EXERCISE DETAILS: Exactly the lines from the line that has "Map location of" through the final line below are to be retyped, and the pictures are not.

AVAILABLE DATA:
........

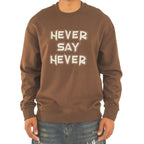 Men Unisex 'Never Say Never' Sweater
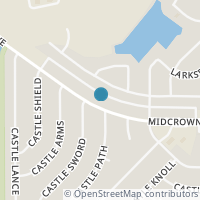 Map location of 5707 Midcrown Dr, San Antonio TX 78218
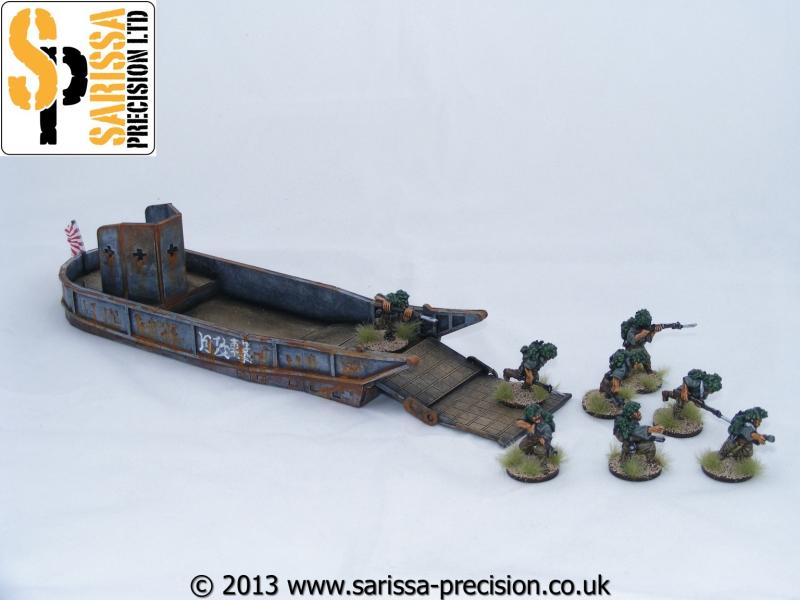 Japanese Landing Craft - Jungle Theatre MDF Scenery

........

RESPONSE BOX:
 Map location of 5707 Midcrown Dr, San Antonio TX 78218
 Japanese Landing Craft - Jungle Theatre MDF Scenery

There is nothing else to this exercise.